Один из таких коллекционеров, Беньямин хранил преданность вещам именно как вещам. По словам Шолема, “самой сильной и неотвязной его страстью” было собирание библиотеки, полной первоизданий и раритетов. Цепенея перед вещным хаосом, меланхолик гальванизирует себя страстью к отдельным, излюбленным предметам. Книги служили Беньямину не просто подручным средством, профессиональным инструментом, но ничуть не меньше - предметом созерцания, побуждением к мечтам. Его библиотека “вызывает память о городах, где столько всего находил: Риге, Неаполе, Мюнхене, Данциге, Москве, Флоренции, Базеле, Париже... память о комнатах, где обитали эти книги...” Охота за книгами - как и погоня за приключениями - прибавляет к географии удовольствий еще один повод побродяжить по миру.
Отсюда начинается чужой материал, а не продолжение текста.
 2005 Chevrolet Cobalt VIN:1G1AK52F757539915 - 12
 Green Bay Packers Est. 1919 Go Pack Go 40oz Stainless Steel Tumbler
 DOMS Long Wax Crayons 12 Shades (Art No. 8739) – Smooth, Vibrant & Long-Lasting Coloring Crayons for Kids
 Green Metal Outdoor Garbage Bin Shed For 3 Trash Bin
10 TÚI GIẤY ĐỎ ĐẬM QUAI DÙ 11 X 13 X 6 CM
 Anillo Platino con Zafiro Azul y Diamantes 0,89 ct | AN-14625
Занимаясь коллекционерством, Беньямин чувствовал себя проницательным, удачливым, практичным, безоглядно отдающимся страсти. “Коллекционер - прирожденный тактик”. Как и придворный.
Кроме первых изданий и сборников барочной эмблематики, Беньямин специализировался на литературе для детей и текстах, написанных душевнобольными. “Великие, столько для него значившие шедевры, - пишет Шолем, - поразительно соседствовали с самыми дикими опусами и курьезами”. В этом странном расположении книг на полках - сама стратегия беньяминовского творчества, где вдохновленное сюрреалистами любование сокровищами смысла в эфемерной, отталкивающей и ничтожной оболочке шло рука об руку с приверженностью традиционным канонам благовоспитанного вкуса.
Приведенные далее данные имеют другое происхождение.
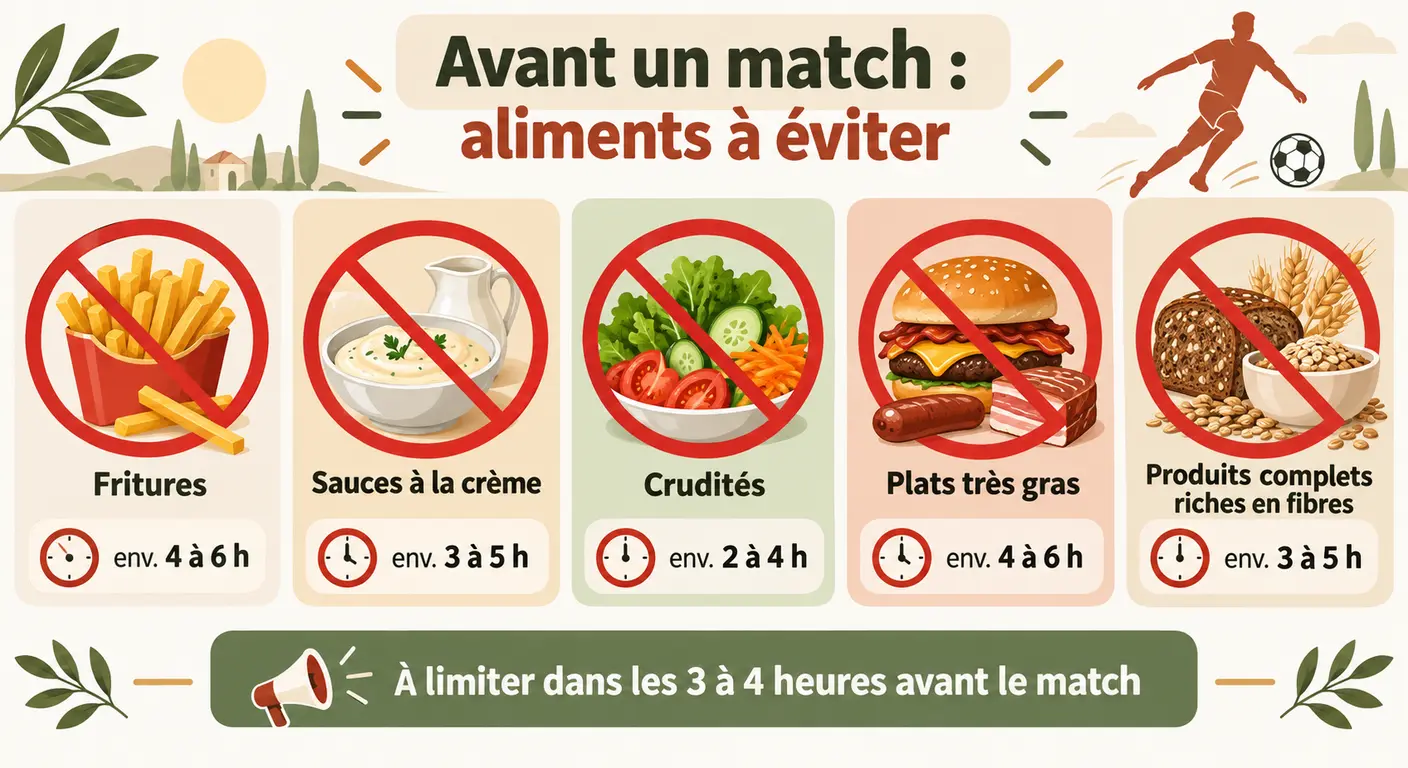 Infographie des aliments à écarter avant un match de football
Ему нравилось находить там, где никто не ищет. Из темной, всеми забытой немецкой барочной драмы он извлек начатки современного (читай - его собственного) образа чувств: пристрастие к аллегории, сюрреалистские шоковые эффекты, рваную речь, ощущение исторической катастрофы. “Эти камни - хлеб моего воображения”,- писал он о Марселе, одном из городов, наиболее неподатливых воображению, даже обостренному дозой гашиша. Большинства ожидаемых цитат у Беньямина не находишь: он не любил читать то, что читают все. В качестве психологической теории предпочитал Фрейду учение о четырех темпераментах. Предпочитал - или пытался - быть коммунистом, не заглядывая в Маркса. Этот человек, читавший поистине все на свете и полтора десятка лет симпатизировавший коммунистической революции, до конца тридцатых годов Маркса даже не открывал.
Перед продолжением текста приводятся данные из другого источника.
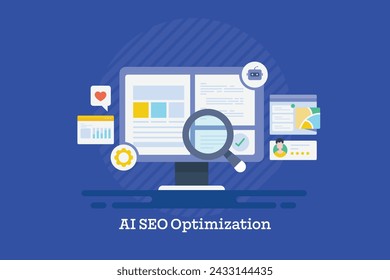 SEO by artificial intelligence, AI driven SEO software, AI helping website to rank high on search engine - vector illustration banner with icons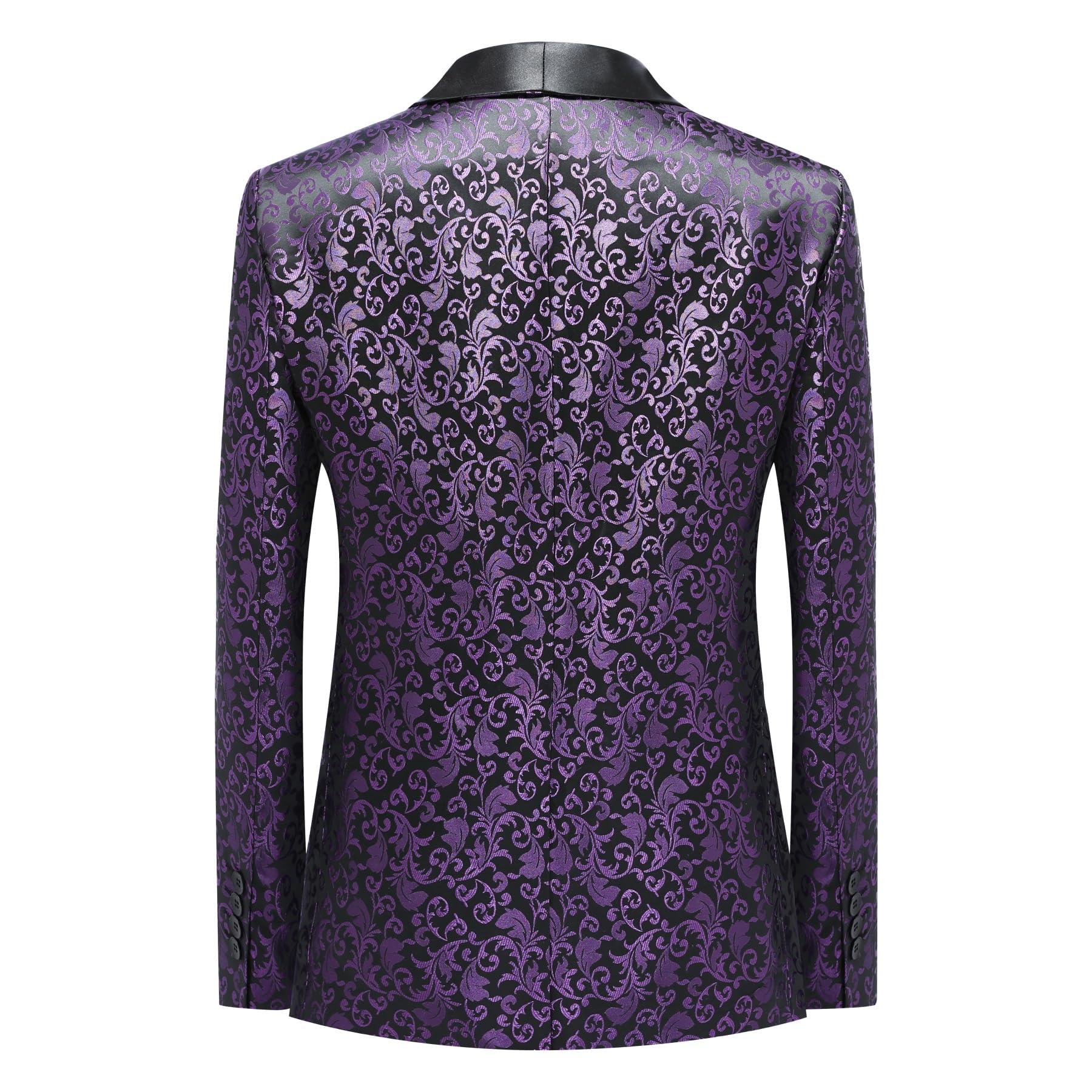 Purple # Men's floral jacquard dress suit blazer with black shawl collar and center vent, 3D tailored fit purple print jacket with premium polyester fabric, elegant formal wear blazer for party, prom, banquet, wedding, homecoming and festival events, isolated on white background.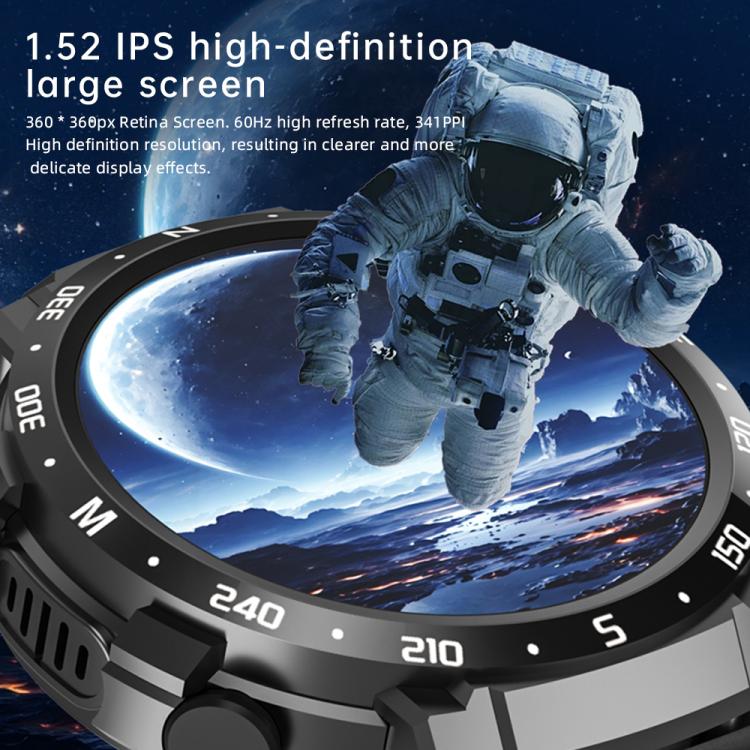 Q10 Dual-mode Bluetooth Headphones Smart Watch,1.52 inch, Support Bluetooth Call / Heart Rate(Black)
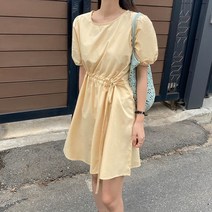 사선 스트링 퍼프 코튼 반팔 원피스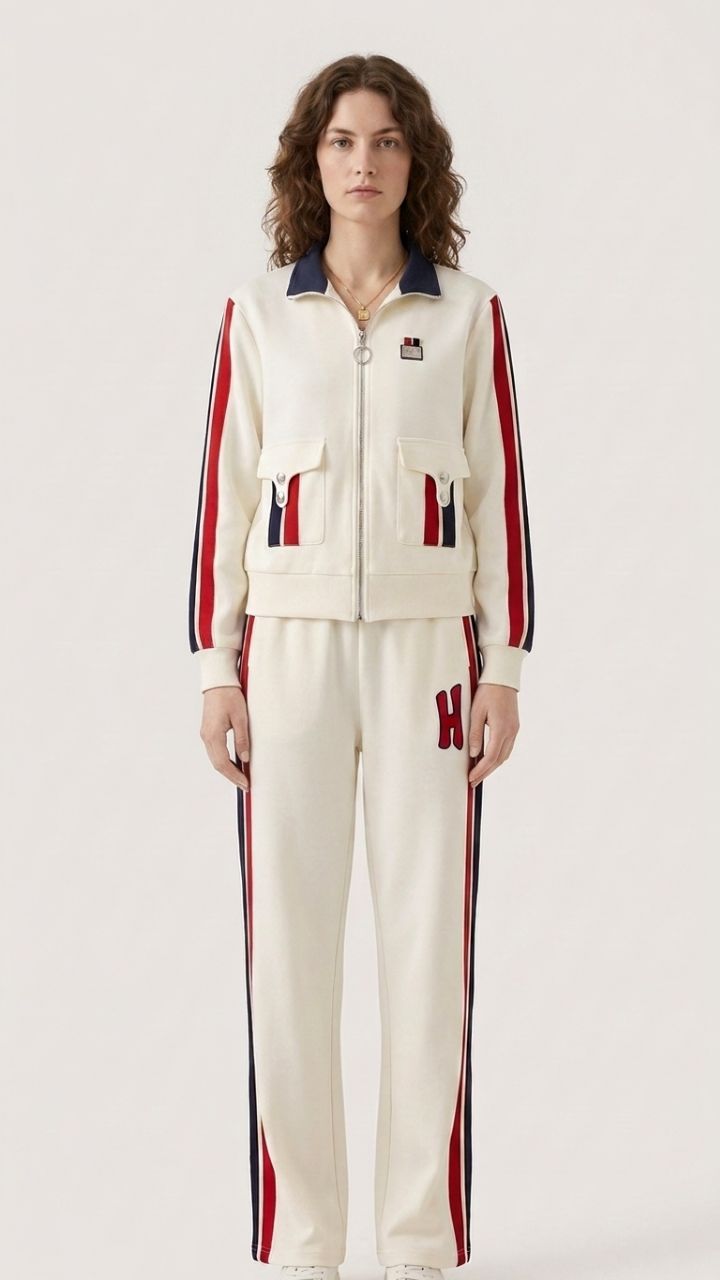 The Varsity Stripe Tracksuit — Retro Cotton Zip Cardigan & Side-Stripe Jogger Set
Его стратегический гений сродни Кафке, воплощенному мастеру тактики, “заранее принявшему меры против истолкователей им написанного”. Секрет кафкианских новелл, убеждает Беньямин, в том и состоит, что в них нет определенного, символического смысла. С другой стороны, его привлекала совершенно иная по типу, совсем не еврейская хитрость Брехта, антипода Кафки по складу воображения. (Как и следовало ожидать, большое эссе Беньямина о Кафке Брехту резко не понравилось.) Брехт с его деревянной обезьянкой над рабочим столом, на носу которой висела табличка “Не понимаю!”, воплощал для обожателя эзотерических религиозных текстов Беньямина, вероятно, не менее мощный дар хитроумия - но хитроумия, понижающего всяческую сложность, делающего любую мысль понятной каждому. Огорчительное для большинства друзей, “мазохистское” (по выражению Зигфрида Кракауэра) отношение Беньямина к Брехту показывает, до какой степени его такая возможность соблазняла.